Review by Kirsten Snow Spalding
Faithful Investing: The Power of Decisive Action and Incremental Change Ed. by James Murphy Church Publishing, pp. 208, $19.95 As an Amazon Associate, |
For 50 years, some faith communities have employed socially responsible investment strategies as one way to engage in ministry. Others have left investment choices in the hands of church treasurers and finance committees, while focusing the investment returns on ministry and mission.
Faithful Investing, edited by James Murphy, explores a range of perspectives on why and how congregations have used investment practices to address issues important to people of faith, including human rights and human trafficking, tobacco, gun control, climate change, gender diversity, pay equity, poverty, and immigration.
The collection includes essays written by investment professionals; faith leaders with long experience in corporate governance work and investment strategies; and advocates who work with a variety of institutional investors. Unlike many resources on this subject, Murphy’s collection offers alternative approaches, without taking a hard line about one “right way” to address these issues.
Each of the authors uses plain language to explain the rationale behind a particular investment approach — divesting or negative screening; engaging with companies through direct dialogues; collaborative engagements with other investors; filing proxy resolutions and voting on them; incorporating ESG (environmental, social and governance) factors into investment decision-making; taking a “best-in-class” fundamentals approach to building a portfolio or investing for impact in one or multiple asset classes. For someone new to the field, Faithful Investing suggests the critical questions that need to be asked before recommending a particular strategy.
Some of the chapters are focused on situating current debates and trends among faith-based investors in the context of earlier, successful socially responsible investment campaigns, like the divestment movement to address South African apartheid. Other chapters provide a step-by-step guide to establishing a strategy for a congregation or endowment new to socially responsible investing. A set of chapters take a deep dive into specific issues like slavery in manufacturing supply chains and diversity on corporate boards of directors.
Murphy’s concluding chapters are an encouragement to consider investment strategy as part of stewardship. He suggests that engaging congregations in the process of developing and implementing their investment strategy will encourage legacy giving and contributions to endowment campaigns. The work on the church’s investment program can provide an opening to conversations about personal investment strategies in light of faith.
In footnotes, the authors point to resources in articles, individuals and organizations that can support churches’ new investment strategies and practices. As several authors note, a significant new trend in the field is collaborative work between investors. New collaborations recognize that issues of concern to people of faith cannot be addressed by one investor alone. Concerted investor engagement with companies and other capital market actors has the power to transform the real economy, through addressing things like climate change or human rights abuses, and by producing positive impacts like poverty alleviation, or access to clean water.

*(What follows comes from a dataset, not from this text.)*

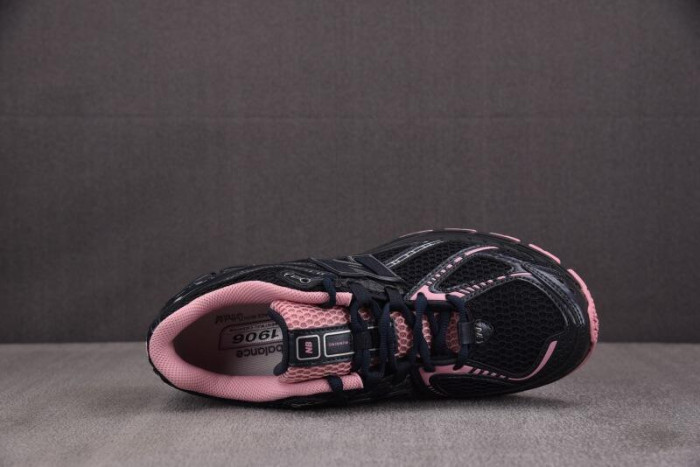 New Balance 1906R Pink Taffy U1906RCU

The authors in this collection are not all consistent in their definitions or their suggestions about how best to explore certain strategies. But taken as a whole, the book offers a textured look at how congregations might begin to look at their investment practices in light of their mission and ministry objectives.
Perhaps the greatest strength of this collection is that it meets faith leaders where they are. For ordained leaders, the authors begin theological reflections on how living into faith might be expressed in investment practice. For lay leaders charged with responsibility for ministry and mission, the authors outline a variety of investment strategies to address priority ministry areas. For church fiduciaries, treasurers and finance committees, the book offers practical suggestions about development of an investment policy to guide ongoing choices for the funds under their care. For church policy-making bodies (conventions, governing councils, or local boards), the authors provide alternatives so that policy choices are not reduced to a “yes or no” decision about divestment or giving up investment returns to favor socially responsible investments.
While some people of faith may still consider investment the realm of worldly practices that keep us from God, Faithful Investing breaks open the possibility that God’s work in our lives and in the world require us to engage with money in new ways. Investing faithfully is a matter of discipleship. Faithful Investing is an important new resource to help us discern how each of us and our communities might use our investments to live into our calling.
The Rev. Kirsten Snow Spalding is rector of the Church of the Nativity in San Rafael, Calif., and senior director of the Investor Network on Climate Risk and Sustainability at Ceres, a non-profit advocacy organization.